→ **YOUR OBJECTIVE**:
Images are not part of the copy; write out the rest of the data exactly as given.

── DATA SECTION ──

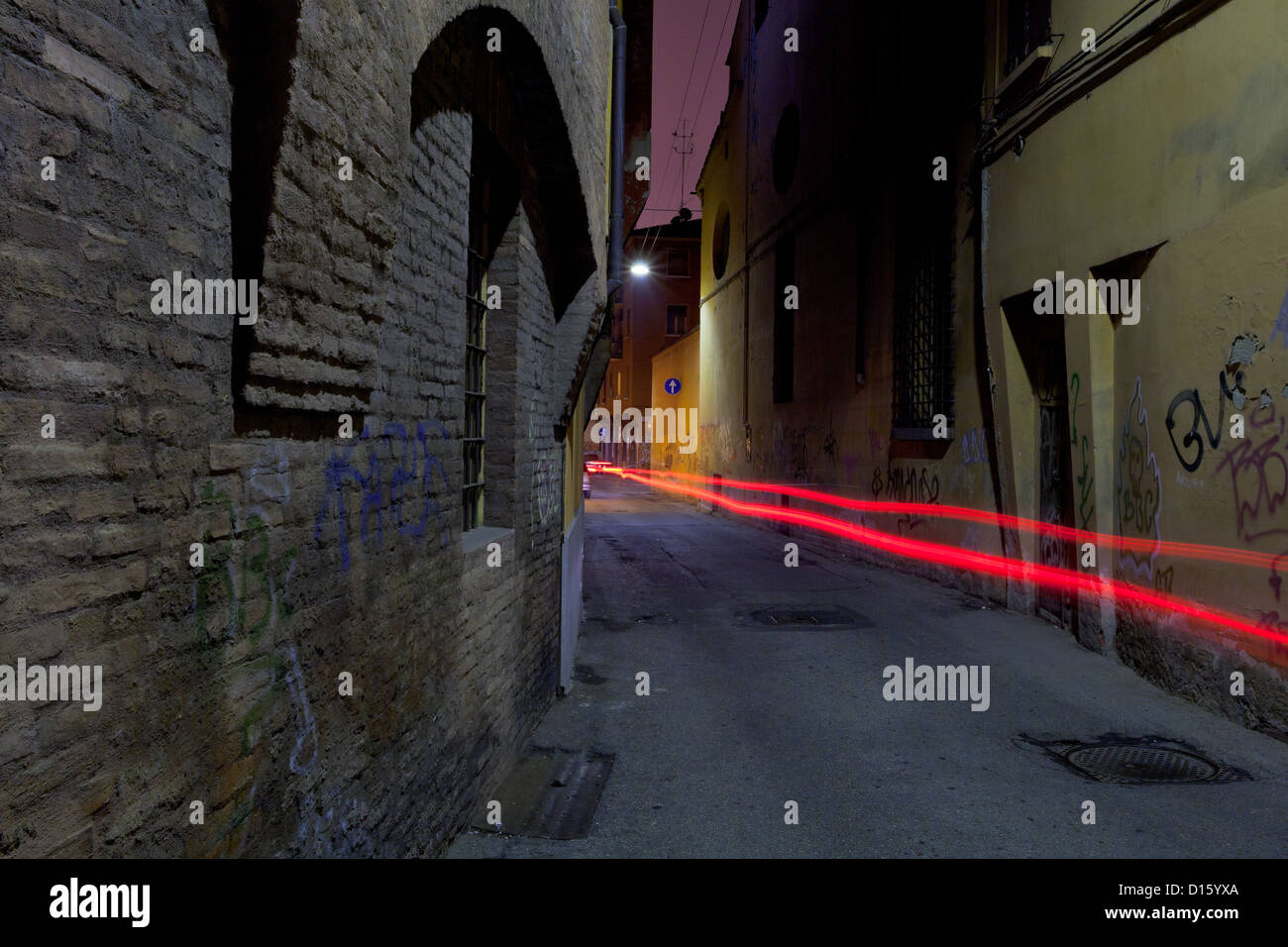 Narrow street italy car hi-res stock photography and images - Alamy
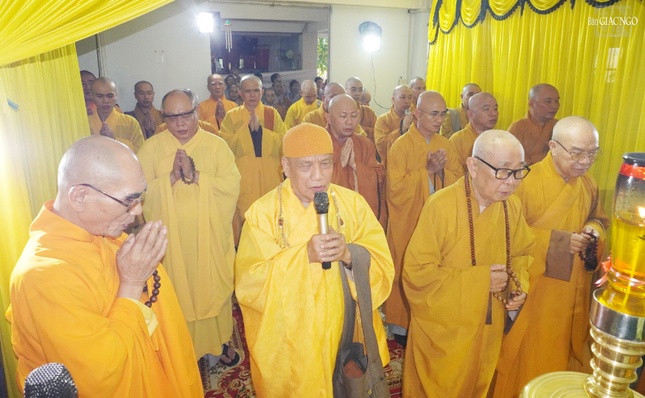 Khóa lễ tưởng niệm, di quan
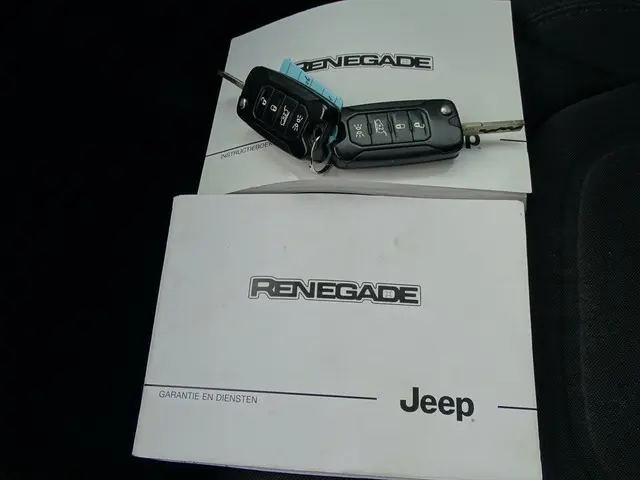 Jeep Renegade 1.6 E-Torq Black Line 2016 Benzine 21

───

→ **ANSWER BOX**:
 Narrow street italy car hi-res stock photography and images - Alamy
 Khóa lễ tưởng niệm, di quan
 Jeep Renegade 1.6 E-Torq Black Line 2016 Benzine 21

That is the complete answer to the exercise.